::: PROVIDED DATA
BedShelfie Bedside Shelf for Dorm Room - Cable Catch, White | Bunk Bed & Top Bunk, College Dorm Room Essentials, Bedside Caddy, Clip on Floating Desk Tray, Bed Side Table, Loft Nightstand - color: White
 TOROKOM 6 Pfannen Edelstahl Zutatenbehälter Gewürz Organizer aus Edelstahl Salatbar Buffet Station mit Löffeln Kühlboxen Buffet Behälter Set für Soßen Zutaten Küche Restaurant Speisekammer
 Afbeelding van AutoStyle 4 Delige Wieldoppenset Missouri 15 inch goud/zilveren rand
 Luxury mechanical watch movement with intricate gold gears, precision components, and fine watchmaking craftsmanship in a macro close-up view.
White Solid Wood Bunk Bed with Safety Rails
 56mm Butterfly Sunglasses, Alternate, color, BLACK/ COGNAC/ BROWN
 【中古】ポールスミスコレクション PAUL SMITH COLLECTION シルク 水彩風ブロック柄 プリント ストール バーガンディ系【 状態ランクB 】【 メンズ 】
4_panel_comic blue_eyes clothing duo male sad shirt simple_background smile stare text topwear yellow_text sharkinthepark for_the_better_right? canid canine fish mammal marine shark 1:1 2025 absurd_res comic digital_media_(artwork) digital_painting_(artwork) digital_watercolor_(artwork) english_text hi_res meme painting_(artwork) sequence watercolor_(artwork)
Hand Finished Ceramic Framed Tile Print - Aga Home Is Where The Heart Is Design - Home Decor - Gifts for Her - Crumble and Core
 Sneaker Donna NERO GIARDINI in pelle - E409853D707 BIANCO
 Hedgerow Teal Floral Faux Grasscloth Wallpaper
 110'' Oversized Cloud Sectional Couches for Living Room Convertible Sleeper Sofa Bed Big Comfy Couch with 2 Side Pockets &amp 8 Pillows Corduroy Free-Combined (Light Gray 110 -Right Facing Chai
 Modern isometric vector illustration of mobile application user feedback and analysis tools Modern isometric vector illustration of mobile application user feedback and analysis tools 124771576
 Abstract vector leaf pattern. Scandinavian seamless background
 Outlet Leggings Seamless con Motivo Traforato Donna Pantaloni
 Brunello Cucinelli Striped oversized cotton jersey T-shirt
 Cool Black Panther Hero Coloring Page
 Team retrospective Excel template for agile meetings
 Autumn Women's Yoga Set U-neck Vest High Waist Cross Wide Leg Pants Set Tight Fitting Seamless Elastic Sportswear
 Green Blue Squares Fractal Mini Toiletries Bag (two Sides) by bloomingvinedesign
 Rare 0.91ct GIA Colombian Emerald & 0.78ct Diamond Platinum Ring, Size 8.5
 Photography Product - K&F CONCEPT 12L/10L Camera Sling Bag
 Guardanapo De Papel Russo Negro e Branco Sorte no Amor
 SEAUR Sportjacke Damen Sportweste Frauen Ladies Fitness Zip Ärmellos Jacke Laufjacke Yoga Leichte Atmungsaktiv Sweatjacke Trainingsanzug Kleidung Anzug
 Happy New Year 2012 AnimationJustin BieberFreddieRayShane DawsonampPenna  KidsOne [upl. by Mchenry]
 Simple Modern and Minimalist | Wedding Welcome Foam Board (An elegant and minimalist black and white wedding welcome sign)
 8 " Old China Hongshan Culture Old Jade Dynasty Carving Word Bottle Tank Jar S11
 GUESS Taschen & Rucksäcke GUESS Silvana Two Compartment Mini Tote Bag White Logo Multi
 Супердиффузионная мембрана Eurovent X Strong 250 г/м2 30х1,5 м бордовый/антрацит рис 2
::::::
INSTRUCTIONS TO FOLLOW:
From the "Tank Jar S11" line to the close of the listing, restate each line word for word.

ANSWER TO THIS PROBLEM:
 8 " Old China Hongshan Culture Old Jade Dynasty Carving Word Bottle Tank Jar S11
 GUESS Taschen & Rucksäcke GUESS Silvana Two Compartment Mini Tote Bag White Logo Multi
 Супердиффузионная мембрана Eurovent X Strong 250 г/м2 30х1,5 м бордовый/антрацит рис 2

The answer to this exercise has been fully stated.